月曜日の晩は客が少ない。深夜0時を回ったら一律泊り料金になるから、今入ってる客も時間を掛けてゆっくり楽しみよる。それで暇を持て余した支配人を誘って、強引に部屋を開けさせて麻雀をしてた訳や。社長は平日には滅多に来えへんしな。
気の弱い支配人をカモにするつもりがこんな事になるとは、オレってムチャクチャツイてないやんけ…

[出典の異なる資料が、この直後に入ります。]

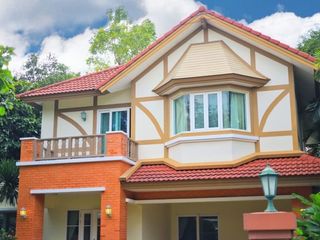 For sale 3 bedrooms house in Taling Chan, Bangkok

「と、富田林くん、死んだフリしたらアカン。誘ったんはそっちやからちゃんと払てや」
誰が払うかい!
「はよ起きてえな」
起きてたまるか、ボケ!
「ホンマは起きてるんやろ。ワシホンマはこんなことした無いねんけど金のためやからしゃーないし」
このオッサン、気ぃ弱い癖に金に執着しとるなあ。
「し、支配人さん、それで何するつもりや!」松原が慌てた。
「金のためや…」
このボケ、何さらす気や?
「おいおい、まさか本気ちゃうやろな?」岸和田も慌ててる。
「起きひん富田林くんが悪いんや〜、ひひひ〜」
一体何なんや?
「おい、このオッサン目がイッてるど、アカン本気や!」
臨場感溢れる岸和田の声が響く。
えっ、何なの何なのおおお?
「ひひひひひ〜」
「うわっ!やめ、あ―――――!」
尋常じゃないその叫び声と殺気を感じたオレは体を捻った。その一瞬後、今までオレの頭が有った所に『ガシャッ!』と、鈍い音が響いた。危機回避を喜んだのは一瞬の事。
「アツツツッ!アッツ―!メチャ、アッツ―!」
オレの後頭部に飛び散った熱いしぶきが掛った。慌てて振り返って先ず目に飛び込んだのは、電気ポットが蓋を開けた状態で転がり、もうもうと湯気を立てている光景だった。それを見ただけでもゾ〜ッとしたけど、殺気を感じて目線を上げると、湯気越しに見えた狂気の支配人の目は、しょんべんをちびりそうになるくらい恐ろしかった。
狂気の支配人はこちらにイッた目を向けて「ひひひ〜、残念」とヒクヒク笑っていた。